Oh my, now I’ve gone and used up my allotted number of topics I can throw at you at one time. Though maybe one of these days I’ll do one of these that has like a hundred topics, and I’ll just switch gears every 30 seconds. That’s really more how my head functions anyway. It would be truth in advertising I guess. It’s been raining here in the beautiful and glorious city of Los Angeles, and — oh, wait, here’s something for you, an update on my neighbor’s chirping smoke alarms. Yes, plural, there are two of them, and I’m just thrilled to report that they are still chirping every 15 seconds, along with going into alarm mode a couple times a day. Which means someone over there has to turn them off with a broomstick or by standing on a chair or something. But if no one is home, they just keep ringing. This marks the 18th full month of chirping. Yes, a year and a half of chirping and ringing smoke alarms, all because they don’t want to put new batteries into them. Or they are too profoundly stupid to put batteries in them. Either way, the mind, as always, boggles.

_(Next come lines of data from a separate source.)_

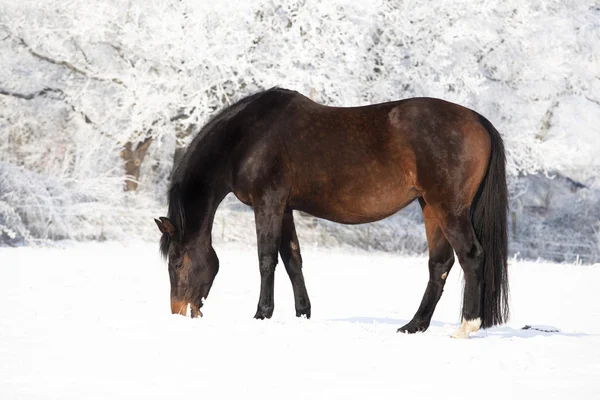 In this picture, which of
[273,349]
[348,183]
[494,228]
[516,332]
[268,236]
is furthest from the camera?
[516,332]

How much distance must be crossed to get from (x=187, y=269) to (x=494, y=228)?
8.89ft

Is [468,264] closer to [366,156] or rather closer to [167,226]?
[366,156]

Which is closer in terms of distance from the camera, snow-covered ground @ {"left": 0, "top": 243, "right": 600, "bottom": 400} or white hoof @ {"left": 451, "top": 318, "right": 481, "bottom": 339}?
snow-covered ground @ {"left": 0, "top": 243, "right": 600, "bottom": 400}

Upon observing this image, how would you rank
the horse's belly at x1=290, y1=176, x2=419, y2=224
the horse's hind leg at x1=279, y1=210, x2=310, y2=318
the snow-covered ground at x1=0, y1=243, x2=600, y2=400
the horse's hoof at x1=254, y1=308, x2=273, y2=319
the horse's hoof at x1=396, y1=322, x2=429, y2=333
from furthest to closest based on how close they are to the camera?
1. the horse's hind leg at x1=279, y1=210, x2=310, y2=318
2. the horse's hoof at x1=254, y1=308, x2=273, y2=319
3. the horse's hoof at x1=396, y1=322, x2=429, y2=333
4. the horse's belly at x1=290, y1=176, x2=419, y2=224
5. the snow-covered ground at x1=0, y1=243, x2=600, y2=400

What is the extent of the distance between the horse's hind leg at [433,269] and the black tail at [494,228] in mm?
354

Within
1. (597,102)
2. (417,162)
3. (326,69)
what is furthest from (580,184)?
(417,162)

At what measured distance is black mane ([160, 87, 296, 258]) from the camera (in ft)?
26.2

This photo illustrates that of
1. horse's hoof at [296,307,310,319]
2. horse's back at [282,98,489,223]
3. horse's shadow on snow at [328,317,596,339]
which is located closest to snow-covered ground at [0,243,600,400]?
horse's shadow on snow at [328,317,596,339]

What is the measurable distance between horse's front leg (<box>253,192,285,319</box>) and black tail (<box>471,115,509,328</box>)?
5.55 ft

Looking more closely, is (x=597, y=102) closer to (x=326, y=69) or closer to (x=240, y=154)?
(x=326, y=69)

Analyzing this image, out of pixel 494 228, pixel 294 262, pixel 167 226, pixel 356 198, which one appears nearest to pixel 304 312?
pixel 294 262

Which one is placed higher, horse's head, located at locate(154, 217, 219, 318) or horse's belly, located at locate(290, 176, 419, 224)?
horse's belly, located at locate(290, 176, 419, 224)

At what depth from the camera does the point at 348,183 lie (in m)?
7.76

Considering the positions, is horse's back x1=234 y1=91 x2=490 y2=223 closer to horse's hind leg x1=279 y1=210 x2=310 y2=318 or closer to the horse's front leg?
the horse's front leg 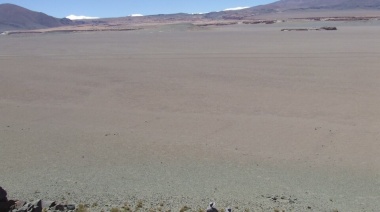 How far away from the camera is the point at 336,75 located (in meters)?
18.3

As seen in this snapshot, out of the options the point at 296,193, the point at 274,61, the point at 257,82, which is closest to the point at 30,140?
the point at 296,193

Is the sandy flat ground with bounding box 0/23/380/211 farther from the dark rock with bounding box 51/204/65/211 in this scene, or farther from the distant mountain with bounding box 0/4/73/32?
the distant mountain with bounding box 0/4/73/32

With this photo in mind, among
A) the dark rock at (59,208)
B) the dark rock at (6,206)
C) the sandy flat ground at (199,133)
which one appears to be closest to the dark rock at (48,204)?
the dark rock at (59,208)

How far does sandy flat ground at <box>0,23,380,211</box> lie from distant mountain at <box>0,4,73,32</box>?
67.4 m

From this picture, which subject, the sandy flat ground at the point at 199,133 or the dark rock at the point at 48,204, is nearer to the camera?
the dark rock at the point at 48,204

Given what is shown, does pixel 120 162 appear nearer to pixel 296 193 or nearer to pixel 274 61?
pixel 296 193

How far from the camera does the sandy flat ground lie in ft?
25.4

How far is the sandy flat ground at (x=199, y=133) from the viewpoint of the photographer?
7.74m

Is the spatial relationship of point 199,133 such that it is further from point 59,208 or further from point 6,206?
point 6,206

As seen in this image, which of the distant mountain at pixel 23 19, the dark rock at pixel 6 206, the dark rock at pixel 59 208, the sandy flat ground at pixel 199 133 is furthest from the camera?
the distant mountain at pixel 23 19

Now boggle on out of here. Go get something to eat. Put some pancakes on the griddle or grill up a filet mignon with bacon wrapped around it. A gluten-free kale salad if you’re nasty. Sit yourself down in front of some pie and coffee. Do people still go to diners to eat pie and coffee? Seems like something from the distant past. If it ever really happened. It could be just another mass false memory. Like Christmas and Buddha. Adios, vaya con dios, babies.